Slashdot Mirror


More Strange Bose-Einstein Condensate Behavior

Allen Varney writes "According to a story on EurekAlert, an arXiv preprint server paper titled 'Scattering of atoms on a Bose-Einstein Condensate' reports that atoms striking a BEC sometimes appears to leave before they enter. 'This doesn't imply a breaking of the light-speed barrier, time travel or anything overly exotic but is a property of waves being broken down into component parts and being reassembled slightly differently. [...] As an atom hits the BEC, it is absorbed into the collective state but still exists as a vibration. The vibration travels through the BEC but can escape as an atom once more.

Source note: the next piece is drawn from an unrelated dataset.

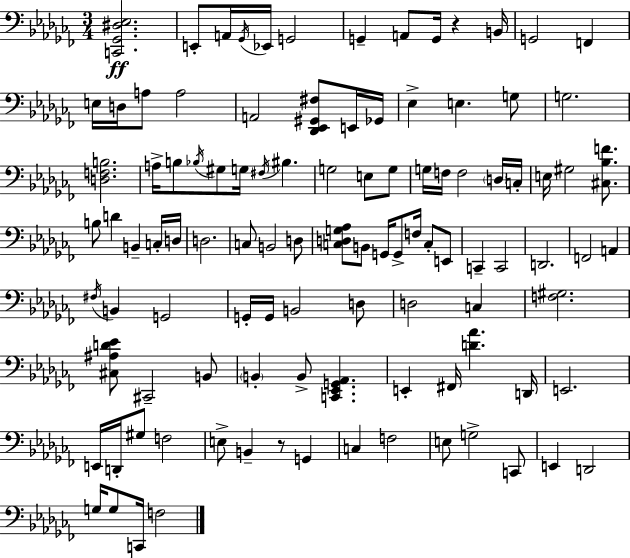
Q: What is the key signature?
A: AES minor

The study reinforces the similarity between atoms as waves and light as waves.' Slashdot has talked about supposed faster-than-light travel once or twice (or more) before."

7 of 135 comments (clear)

  1. Wierd... by Anonymous Coward · · Score: -1, Offtopic

    This is both the first post and not first post at the same time (until you look at it, anyway.)

    1. Re:Wierd... by Anonymous Coward · · Score: -1, Offtopic

      Well, i've looked at it now, and it certainly seems to be the frist ps0t

  2. uh..... by mAIsE · · Score: -1, Offtopic

    Yeah but, what about uh....

    wait its too early i need some coffee

  3. In other news... by Anonymous Coward · · Score: -1, Offtopic

    ...open source developers still makes no money.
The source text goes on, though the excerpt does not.